The recent First-Tier Tax Tribunal case of Hargreaves Property Holdings Limited v. HMRC [2021] provides a useful update, in light of other developments in this space, on the UK courts’ approach to various fundamental interest withholding tax issues. These include:

  • the source principle
  • the meaning of “yearly” interest
  • the twin procedural requirements to make a claim for treaty relief and receive a gross-payment direction
  • the exception for interest to which a UK resident company is beneficially entitled

The planning in Hargreaves, implemented in various forms over a decade until 2015, sought to remove interest on a UK-tax resident property investment group’s financings from the scope of UK withholding tax (while retaining corporation tax deductibility).
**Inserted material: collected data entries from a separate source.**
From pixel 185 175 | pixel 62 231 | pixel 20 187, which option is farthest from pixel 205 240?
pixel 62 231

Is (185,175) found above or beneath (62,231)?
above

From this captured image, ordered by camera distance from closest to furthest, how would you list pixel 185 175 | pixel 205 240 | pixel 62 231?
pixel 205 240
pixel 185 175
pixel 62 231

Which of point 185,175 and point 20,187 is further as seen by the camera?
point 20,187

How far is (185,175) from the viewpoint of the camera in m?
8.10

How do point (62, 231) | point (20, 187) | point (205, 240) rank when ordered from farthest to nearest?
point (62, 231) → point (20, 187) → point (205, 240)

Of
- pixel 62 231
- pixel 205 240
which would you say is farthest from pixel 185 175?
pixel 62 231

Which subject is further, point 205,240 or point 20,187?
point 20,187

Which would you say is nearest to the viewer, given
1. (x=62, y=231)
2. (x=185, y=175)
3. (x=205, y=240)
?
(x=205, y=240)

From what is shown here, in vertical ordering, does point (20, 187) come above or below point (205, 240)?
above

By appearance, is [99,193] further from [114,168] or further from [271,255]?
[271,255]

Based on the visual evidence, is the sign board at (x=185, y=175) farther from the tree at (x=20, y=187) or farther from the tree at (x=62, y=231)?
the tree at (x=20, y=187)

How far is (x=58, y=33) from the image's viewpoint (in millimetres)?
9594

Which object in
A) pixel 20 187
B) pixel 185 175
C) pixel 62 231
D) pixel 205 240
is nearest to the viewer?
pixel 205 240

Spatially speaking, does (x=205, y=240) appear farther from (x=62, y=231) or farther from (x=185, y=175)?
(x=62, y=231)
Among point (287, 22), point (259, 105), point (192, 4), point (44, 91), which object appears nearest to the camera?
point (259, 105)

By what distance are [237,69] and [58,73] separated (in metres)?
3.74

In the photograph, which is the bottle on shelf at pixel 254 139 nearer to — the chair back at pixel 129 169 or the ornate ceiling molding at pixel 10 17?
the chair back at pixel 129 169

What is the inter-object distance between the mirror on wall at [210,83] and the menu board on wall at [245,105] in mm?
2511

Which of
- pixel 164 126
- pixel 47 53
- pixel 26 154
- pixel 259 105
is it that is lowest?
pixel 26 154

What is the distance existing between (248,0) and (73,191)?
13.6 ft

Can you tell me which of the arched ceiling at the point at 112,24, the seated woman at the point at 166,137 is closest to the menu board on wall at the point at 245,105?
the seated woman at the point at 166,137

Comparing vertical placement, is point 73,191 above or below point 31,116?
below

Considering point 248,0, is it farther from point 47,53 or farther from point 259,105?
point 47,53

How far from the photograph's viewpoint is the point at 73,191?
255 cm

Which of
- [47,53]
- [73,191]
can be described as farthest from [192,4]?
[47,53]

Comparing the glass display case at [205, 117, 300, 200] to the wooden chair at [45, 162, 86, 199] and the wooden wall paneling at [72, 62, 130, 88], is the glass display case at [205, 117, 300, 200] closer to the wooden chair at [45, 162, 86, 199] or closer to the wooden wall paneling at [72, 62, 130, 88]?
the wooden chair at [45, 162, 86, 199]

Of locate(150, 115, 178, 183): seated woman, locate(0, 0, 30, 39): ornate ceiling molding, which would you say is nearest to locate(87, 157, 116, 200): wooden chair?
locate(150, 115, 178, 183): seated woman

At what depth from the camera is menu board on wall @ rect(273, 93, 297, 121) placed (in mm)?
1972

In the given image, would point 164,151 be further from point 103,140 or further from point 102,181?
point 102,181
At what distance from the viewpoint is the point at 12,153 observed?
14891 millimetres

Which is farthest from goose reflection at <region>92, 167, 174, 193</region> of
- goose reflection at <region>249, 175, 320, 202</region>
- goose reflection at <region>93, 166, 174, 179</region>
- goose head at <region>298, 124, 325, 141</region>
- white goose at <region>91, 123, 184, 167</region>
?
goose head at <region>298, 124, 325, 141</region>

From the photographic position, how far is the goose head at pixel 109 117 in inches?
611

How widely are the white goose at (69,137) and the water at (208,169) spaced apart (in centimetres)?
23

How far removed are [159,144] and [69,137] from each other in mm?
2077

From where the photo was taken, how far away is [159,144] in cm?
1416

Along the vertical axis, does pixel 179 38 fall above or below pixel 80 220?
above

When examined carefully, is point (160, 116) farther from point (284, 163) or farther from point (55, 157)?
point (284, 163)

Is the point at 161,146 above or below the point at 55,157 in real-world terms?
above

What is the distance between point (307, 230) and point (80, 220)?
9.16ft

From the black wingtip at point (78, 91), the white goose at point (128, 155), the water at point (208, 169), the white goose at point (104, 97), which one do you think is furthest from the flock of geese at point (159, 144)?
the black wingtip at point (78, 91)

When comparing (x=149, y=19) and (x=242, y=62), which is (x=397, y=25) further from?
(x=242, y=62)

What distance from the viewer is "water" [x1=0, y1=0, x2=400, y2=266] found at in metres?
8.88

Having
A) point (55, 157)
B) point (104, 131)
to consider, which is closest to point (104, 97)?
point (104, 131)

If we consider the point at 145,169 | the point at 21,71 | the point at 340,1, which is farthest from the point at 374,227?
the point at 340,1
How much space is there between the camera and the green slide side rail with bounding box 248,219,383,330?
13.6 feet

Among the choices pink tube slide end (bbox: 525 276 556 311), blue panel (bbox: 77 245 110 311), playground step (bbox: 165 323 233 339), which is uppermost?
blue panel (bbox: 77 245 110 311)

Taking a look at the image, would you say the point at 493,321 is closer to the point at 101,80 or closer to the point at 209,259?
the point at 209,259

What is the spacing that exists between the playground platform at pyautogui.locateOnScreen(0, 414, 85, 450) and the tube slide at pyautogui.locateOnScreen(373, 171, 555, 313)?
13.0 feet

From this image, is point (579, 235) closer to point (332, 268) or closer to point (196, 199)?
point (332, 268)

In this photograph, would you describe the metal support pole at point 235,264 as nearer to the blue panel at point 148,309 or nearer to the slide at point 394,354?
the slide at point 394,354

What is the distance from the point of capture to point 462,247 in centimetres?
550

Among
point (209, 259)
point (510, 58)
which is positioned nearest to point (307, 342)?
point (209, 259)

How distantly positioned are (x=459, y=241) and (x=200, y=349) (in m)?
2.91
The main elements of the refinancing involved:

  • removing the UK nexus from various contractual terms of the loans (place of payment, governing law and jurisdiction of enforcement). The intention here was to ensure that the interest was not UK-source; and
  • implementation of a (roughly annual) cycle of interest-stripping and loan-rolling under which coupon-payment rights were assigned for consideration to a Guernsey company (and, from 2012, to a UK resident company) shortly before pay date and, shortly afterwards, the loan was repaid out of the proceeds of a replacement loan. The intention here was to ensure that the interest was not yearly interest and – alternatively – that the recipients were entitled to gross payment by virtue of the Guernsey treaty and the UK corporate-to-corporate exception.

The outcome in relation to UK-source and yearly interest was surely unsurprising. On the former, the Court of Appeal judgment in Ardmore Construction [2018] had largely overtaken this planning. Applying the multi-factorial source test, and following the “underlying commercial reality”, the UK residence of the borrower and its (property investment) assets outweighed the other factors and the interest clearly arose from sources in the UK.
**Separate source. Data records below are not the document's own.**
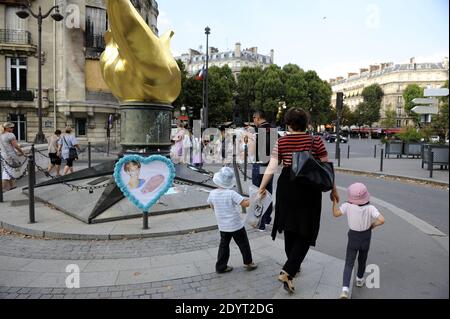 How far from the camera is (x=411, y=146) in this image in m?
20.9

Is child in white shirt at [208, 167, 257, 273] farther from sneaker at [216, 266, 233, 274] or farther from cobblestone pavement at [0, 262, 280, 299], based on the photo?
cobblestone pavement at [0, 262, 280, 299]

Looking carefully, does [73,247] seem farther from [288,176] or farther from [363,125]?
[363,125]

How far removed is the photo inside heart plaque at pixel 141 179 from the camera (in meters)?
5.84

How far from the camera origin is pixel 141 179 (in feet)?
19.4

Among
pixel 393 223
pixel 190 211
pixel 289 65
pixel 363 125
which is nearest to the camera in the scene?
pixel 393 223

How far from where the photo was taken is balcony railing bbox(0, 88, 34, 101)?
2686cm

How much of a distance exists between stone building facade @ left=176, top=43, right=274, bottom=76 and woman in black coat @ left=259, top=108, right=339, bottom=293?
299ft

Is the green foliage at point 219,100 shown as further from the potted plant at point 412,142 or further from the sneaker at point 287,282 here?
the sneaker at point 287,282

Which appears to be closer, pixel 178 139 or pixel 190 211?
pixel 190 211

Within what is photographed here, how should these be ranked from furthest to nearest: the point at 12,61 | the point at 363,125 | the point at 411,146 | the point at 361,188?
the point at 363,125, the point at 12,61, the point at 411,146, the point at 361,188

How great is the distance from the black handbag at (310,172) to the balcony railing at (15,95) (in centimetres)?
2830

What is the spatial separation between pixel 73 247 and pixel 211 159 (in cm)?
1314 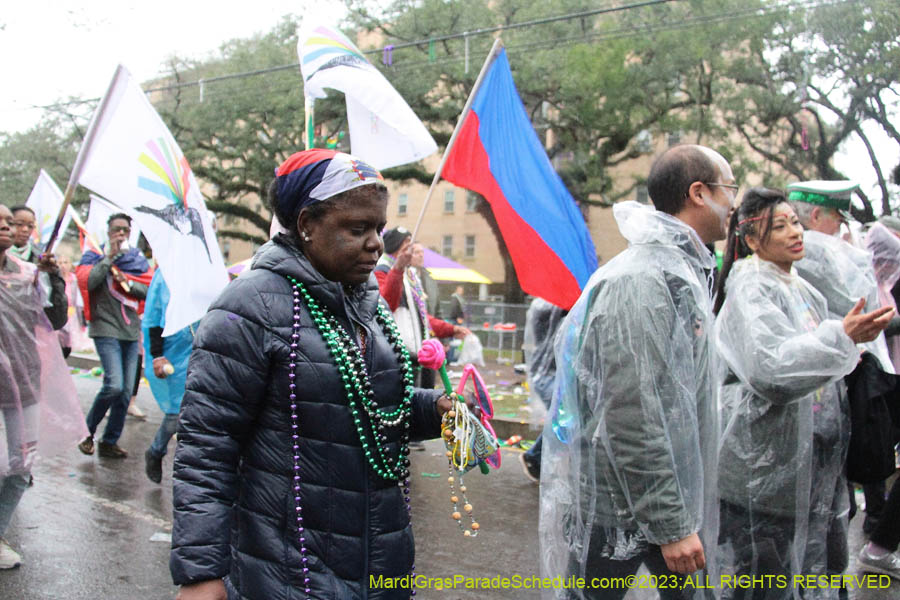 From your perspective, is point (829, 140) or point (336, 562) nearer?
point (336, 562)

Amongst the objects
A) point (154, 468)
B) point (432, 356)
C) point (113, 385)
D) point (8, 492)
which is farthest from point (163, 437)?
point (432, 356)

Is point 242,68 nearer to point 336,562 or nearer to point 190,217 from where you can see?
point 190,217

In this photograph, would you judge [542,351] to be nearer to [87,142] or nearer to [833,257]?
[833,257]

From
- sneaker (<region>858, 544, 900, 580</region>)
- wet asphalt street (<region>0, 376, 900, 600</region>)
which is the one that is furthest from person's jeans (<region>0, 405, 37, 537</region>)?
sneaker (<region>858, 544, 900, 580</region>)

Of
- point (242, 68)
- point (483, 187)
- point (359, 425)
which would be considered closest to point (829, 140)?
point (242, 68)

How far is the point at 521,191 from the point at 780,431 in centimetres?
218

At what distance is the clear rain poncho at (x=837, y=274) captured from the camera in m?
3.91

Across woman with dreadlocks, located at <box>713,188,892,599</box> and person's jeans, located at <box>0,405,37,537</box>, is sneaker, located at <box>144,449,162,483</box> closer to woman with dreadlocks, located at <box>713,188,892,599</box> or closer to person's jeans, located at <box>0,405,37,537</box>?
person's jeans, located at <box>0,405,37,537</box>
On the latter, although in most cases the duration of the loans was under a year, the interest was nonetheless found to be “yearly” as it formed part of a long-term financing. Here the FTT took pains to emphasise that this didn’t involve a recharacterization of the legal reality of the loans’ actual terms or, in findings which may be of comfort to taxpayers reliant on short-interest financings, call into question the “paramount importance” of the one-year threshold itself.

Touching on the (sometimes vexed) question of whose liability is the tax to be withheld, the FTT observes that, under the UK statutory scheme, the borrower has the obligation to withhold and account – and thus concludes that the WHT liability is the borrower’s. The contrary view expressed in Ardmore is described as an over-statement. This appears to be the basis for an unconventional finding that it was the borrower (rather than, as is typically assumed based on HMRC guidance and practice, the lender) who needed to claim treaty relief. In any event, what is beyond doubt is that an actual claim was required (and, in the event, wasn’t made) while the FTT also re-asserts the received wisdom that the borrower obtaining a direction from HMRC is a pre-requisite to the ability to pay gross interest (dismissing a suggestion by taxpayer counsel that the regime is effectively voluntary).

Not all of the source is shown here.